Next Article in Journal
The July/August 2019 Lava Flows at the Sciara del Fuoco, Stromboli–Analysis from Multi-Sensor Infrared Satellite Imagery
Next Article in Special Issue
Object Detection in Remote Sensing Images Based on Improved Bounding Box Regression and Multi-Level Features Fusion
Previous Article in Journal
Use of A Neural Network-Based Ocean Body Radiative Transfer Model for Aerosol Retrievals from Multi-Angle Polarimetric Measurements
Previous Article in Special Issue
Multiscale Spatial-Spectral Convolutional Network with Image-Based Framework for Hyperspectral Imagery Classification
 
 
Article
Peer-Review Record

An Object-Based Markov Random Field Model with Anisotropic Penalty for Semantic Segmentation of High Spatial Resolution Remote Sensing Imagery

Remote Sens. 2019, 11(23), 2878; https://doi.org/10.3390/rs11232878
by Chen Zheng 1,2,3, Xinxin Pan 1, Xiaohui Chen 4,*, Xiaohui Yang 1,3, Xin Xin 1 and Limin Su 1
Reviewer 1: Anonymous
Reviewer 2: Anonymous
Reviewer 3: Anonymous
Remote Sens. 2019, 11(23), 2878; https://doi.org/10.3390/rs11232878
Submission received: 19 September 2019 / Revised: 15 November 2019 / Accepted: 30 November 2019 / Published: 3 December 2019

Round 1

Reviewer 1 Report

This is a novel technique and a good development of the MRF application.

Author Response

This is a novel technique and a good development of the MRF application.

We would like to thank the respected referee for the valuable comment. We have further improved the quality of this paper as best as we could.

Reviewer 2 Report

In this work an object-based Markov Random Field model (OMRF) extended with an anisotropic penalty matrix is proposed. The presented model, named OMRF-AP, is deployed for semantic segmentation of remote sensing high-resolution images. Although the proposed segmentation model is described in detail, the overall contribution of the current work is ambiguous, since the method requires a priori knowledge of the data and the experimental evaluation seems inadequate to prove its efficiency.

According to the authors, the confusion matrix is employed in order to calculate the values of the anisotropic penalty matrix (APM). However, it is unclear what is considered as ground truth in order to calculate the confusion matrix. In case that the initial pixel-based annotation is employed, then the application of the model is limited only to annotated data and cannot operate with unlabeled images or generalize to unknown data. In case that an estimation of the pixel-level ground truth is acquired via classical MRF, the performance of the proposed model is biased by the quality of the initial segmented result extracted with MRF. How is it guaranteed that MRF performs accurately for every examined case? Moreover, the number of depicted classes must be given as an input in the presented algorithm. This fact also confines the employment of OMRF-AP since it can not operate with previously unseen data. How would the model treat the case where a higher number of classes than those appeared in the image was given as input?

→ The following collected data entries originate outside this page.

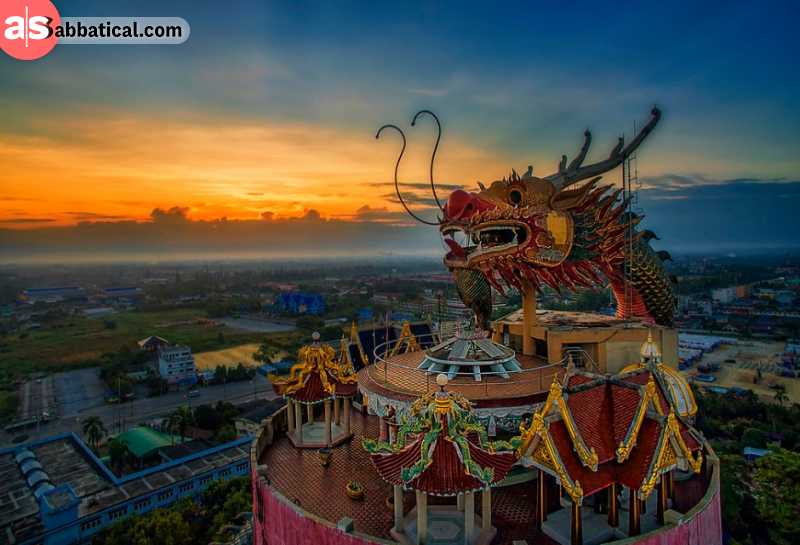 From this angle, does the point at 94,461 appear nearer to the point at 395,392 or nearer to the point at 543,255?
the point at 395,392

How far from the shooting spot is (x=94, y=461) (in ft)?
111

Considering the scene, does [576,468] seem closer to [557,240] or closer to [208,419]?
[557,240]

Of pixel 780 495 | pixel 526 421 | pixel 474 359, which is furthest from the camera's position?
pixel 780 495

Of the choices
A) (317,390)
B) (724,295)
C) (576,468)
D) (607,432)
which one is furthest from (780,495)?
(724,295)

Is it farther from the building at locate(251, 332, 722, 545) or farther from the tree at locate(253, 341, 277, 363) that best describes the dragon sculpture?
the tree at locate(253, 341, 277, 363)

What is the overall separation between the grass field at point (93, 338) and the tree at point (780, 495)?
8523 cm

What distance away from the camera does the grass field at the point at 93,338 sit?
80.0m

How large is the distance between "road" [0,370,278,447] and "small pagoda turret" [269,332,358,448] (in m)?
43.9

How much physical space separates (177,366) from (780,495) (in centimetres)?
6806

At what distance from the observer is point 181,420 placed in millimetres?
44875

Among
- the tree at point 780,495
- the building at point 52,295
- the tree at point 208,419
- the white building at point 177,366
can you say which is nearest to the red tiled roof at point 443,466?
the tree at point 780,495

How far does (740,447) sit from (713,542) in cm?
3237

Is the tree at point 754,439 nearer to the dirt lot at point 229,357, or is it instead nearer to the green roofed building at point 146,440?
the green roofed building at point 146,440

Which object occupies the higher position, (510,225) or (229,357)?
(510,225)
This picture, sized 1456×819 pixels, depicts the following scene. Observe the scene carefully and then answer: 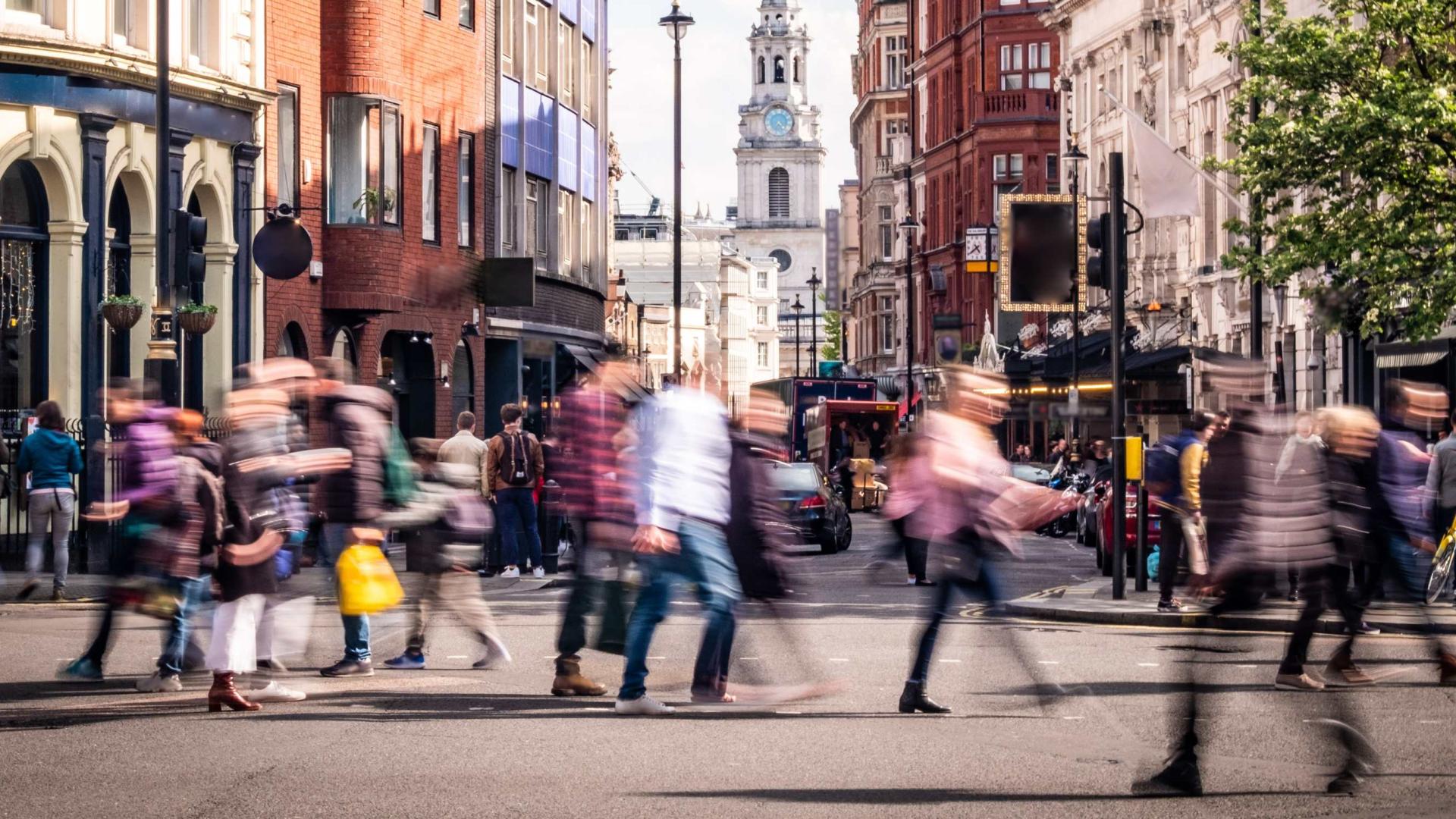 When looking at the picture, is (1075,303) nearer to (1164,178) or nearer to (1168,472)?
(1164,178)

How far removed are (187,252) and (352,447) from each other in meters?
11.7

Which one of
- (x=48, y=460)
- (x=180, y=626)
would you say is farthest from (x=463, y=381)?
(x=180, y=626)

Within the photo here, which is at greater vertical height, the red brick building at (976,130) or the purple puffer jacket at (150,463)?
the red brick building at (976,130)

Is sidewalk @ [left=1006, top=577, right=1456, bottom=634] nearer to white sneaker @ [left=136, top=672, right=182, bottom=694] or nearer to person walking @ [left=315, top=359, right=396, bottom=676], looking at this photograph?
person walking @ [left=315, top=359, right=396, bottom=676]

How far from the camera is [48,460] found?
20.8m

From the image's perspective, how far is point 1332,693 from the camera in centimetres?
986

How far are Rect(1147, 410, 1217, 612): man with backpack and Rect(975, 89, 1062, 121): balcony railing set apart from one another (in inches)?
2820

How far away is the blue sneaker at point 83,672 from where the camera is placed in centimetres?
1362

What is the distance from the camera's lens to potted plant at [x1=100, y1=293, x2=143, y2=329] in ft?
81.4

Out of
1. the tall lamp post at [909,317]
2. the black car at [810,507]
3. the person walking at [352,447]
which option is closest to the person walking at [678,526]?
the person walking at [352,447]

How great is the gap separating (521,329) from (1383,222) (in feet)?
60.1

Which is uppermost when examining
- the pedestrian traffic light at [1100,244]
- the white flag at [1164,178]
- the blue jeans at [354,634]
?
the white flag at [1164,178]

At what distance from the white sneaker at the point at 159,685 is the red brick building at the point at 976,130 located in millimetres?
72868

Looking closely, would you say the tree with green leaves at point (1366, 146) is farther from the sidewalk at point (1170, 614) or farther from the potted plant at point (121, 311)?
the potted plant at point (121, 311)
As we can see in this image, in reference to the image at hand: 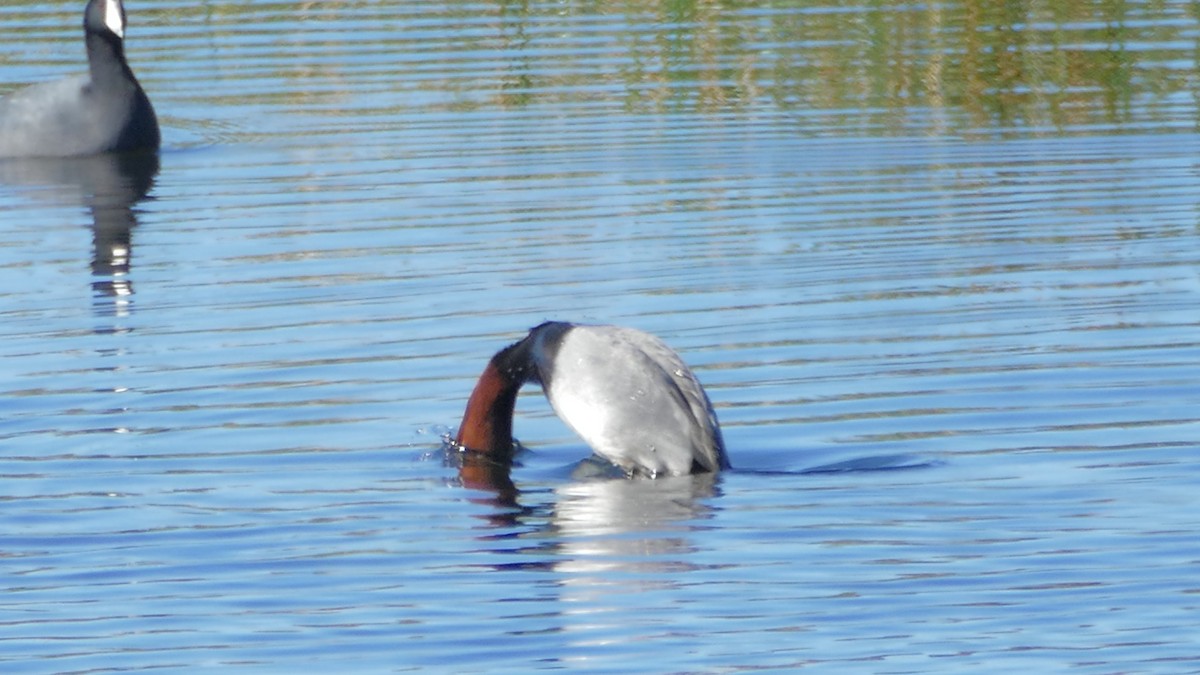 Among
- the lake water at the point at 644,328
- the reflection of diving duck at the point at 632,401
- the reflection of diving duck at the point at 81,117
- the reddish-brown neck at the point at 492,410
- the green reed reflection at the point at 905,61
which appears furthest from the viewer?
the reflection of diving duck at the point at 81,117

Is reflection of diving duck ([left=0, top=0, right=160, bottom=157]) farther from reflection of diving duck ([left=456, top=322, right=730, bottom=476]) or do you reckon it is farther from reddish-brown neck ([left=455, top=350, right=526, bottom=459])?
reflection of diving duck ([left=456, top=322, right=730, bottom=476])

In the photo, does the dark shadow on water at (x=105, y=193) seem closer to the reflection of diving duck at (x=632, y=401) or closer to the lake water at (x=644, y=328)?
the lake water at (x=644, y=328)

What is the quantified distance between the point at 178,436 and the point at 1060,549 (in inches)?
140

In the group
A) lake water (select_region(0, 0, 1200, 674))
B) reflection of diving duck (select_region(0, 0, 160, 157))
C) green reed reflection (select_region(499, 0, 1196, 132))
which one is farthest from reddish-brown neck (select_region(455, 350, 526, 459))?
reflection of diving duck (select_region(0, 0, 160, 157))

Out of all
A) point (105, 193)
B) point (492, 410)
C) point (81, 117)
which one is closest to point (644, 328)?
point (492, 410)

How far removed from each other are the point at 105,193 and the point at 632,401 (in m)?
8.27

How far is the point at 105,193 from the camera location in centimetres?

The overall evaluation of the proposed method is conducted in just four images. Only two of them are remote sensing data, while only one of them is considered as high-resolution image. The authors are suggested to examine the performance of their method thoroughly in a extended rich dataset or in remote sensing benchmarks. Moreover, statistics regarding the mean accuracy among the whole dataset would be helpful to evaluate the generalization ability of the model. Regarding the presented qualitative results, those are encouraging however the corresponding results presented in Table 4 imply that NED-MRF performs better than OMRF-AP for the cases of Fig. 8 and Fig. 9.  

According to Table 5, the post-processing module (OMRF-APP) leads to minor improvements compared to OMRF-AP. Α comparison, in terms of computational time, between OMRF-AP and OMRF-APP would be useful in order to evaluate the efficiency of the post-process module. A more thorough evaluation should also include results from the application of the post-process step in the outcome of the rest comparative methods.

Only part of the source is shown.